A female bargain-hunter from Burnt Hills did call home to say she was safe and was still in line at a big-box store; she was not sure what store, also not sure what the bargain item was, but others in line assured her it was 60 percent off.
We are told that Black Friday sales exceeded $52 billion this year, a whopping 16 percent increase over last year. And that does not take into account Cyber Monday or American Express’ Small Business Saturday. Eventually, each day of that week will be given its own title to make the cash registers sing, as in “I Inherited The Store From My Father-in-Law And I Haven’t Got A Clue What I’m Doing So We Really Could Use The Sales” Thursday.
Of course, TV news keeps harping that the record sales do not come without a price, making a big fuss over all the injuries and the assaults as folks engaged in competitive shopping for those so-called “doorbuster” sales items.
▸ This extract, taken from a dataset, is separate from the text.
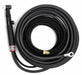 Weldcraft Air-Cooled TIG Torch Kit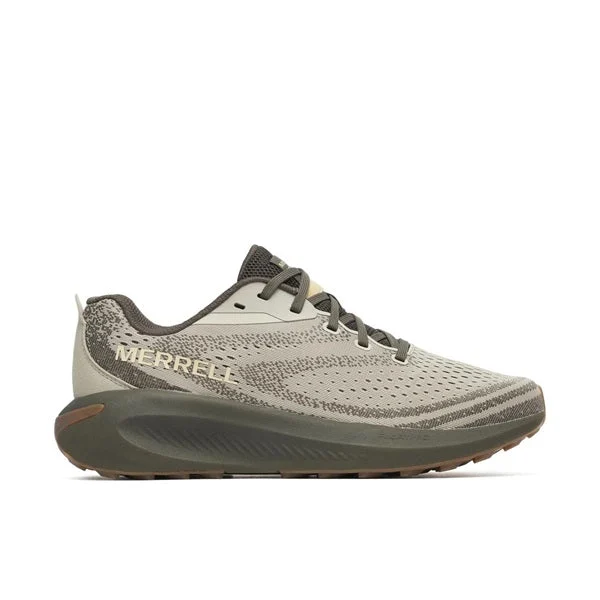 Merrell Morphlite - Men's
I call it nothing more than “collateral damage.” Any given Sunday in the NFL, you’ve got yourself a bunch of strained quad-ceps or whatever it is they call them, not to mention at least one “turf toe.” Remember, 226 million Americans were out there in the trenches on Black Friday and 225,999,999 of them did not pepper-spray their fellow Xbox seekers.
And I see signs of an emerging Black Friday etiquette. Yes, two women were injured this year in Rome (the New York one) and had to be carted away, and there were some shootings outside malls in South Carolina and northern California and some sort of stun gun incident in Florence, Ala., but no fatalities. I see indications that shoppers now are clearing paths for the ambulances to get close to the shooting victims (some friendly advice for the ambulance crews, however: Do not try to buy any of the reduced-price merchandise while on an emergency run — it could inflame the crowd). And I simply cannot imagine happening today what happened three years ago in Valley Stream, Long Island, when people kept shopping up close as EMTs tended to the lifeless body of a Walmart clerk who had been crushed to death in what everyone agreed was an overly aggressive “doorbuster” maneuver for a 50-inch Samsung TV going for less than $800.
I first witnessed this power-shopping phenomenon many years ago at Filene’s Basement in Boston, where not a few of the women were undressing right in the aisles to try on the 50-percent-off Jones New York slacks. Modesty be damned! They were not about to waste valuable time to and from a dressing room. I was shocked and considered complaining to management about these women undressing right in front of me, but I calmed down and resolved instead to offer a prayer for the offending women.
According to a published report a few days ago, a juror in an Albany County murder trial warned the judge that he would not be able to deliberate along with his fellow jurors on Black Friday because his wife planned some competitive shopping for that date. The judge, who obviously has never felt the competitive shopping rush, told the guy that his wife’s shopping was not as important as deliberating whether three men should each get 25 years to life. Imagine that?
Look, it would not surprise me at all if power-shopping becomes an ESPN sport (as opposed to a real sport) right up there with
Australian football and English darts. Uniforms, coaches, rules, contract hassles — everything you have come to expect in any sport will comprise power-shopping as well. Let Hemingway have his Pamplona — we will have the running of the shoppers!
P.S. If ever you see me out shopping on Black Friday, you have my authorization to run me over in the parking lot. I hereby promise not to call Martin, Harding & Mazzotti.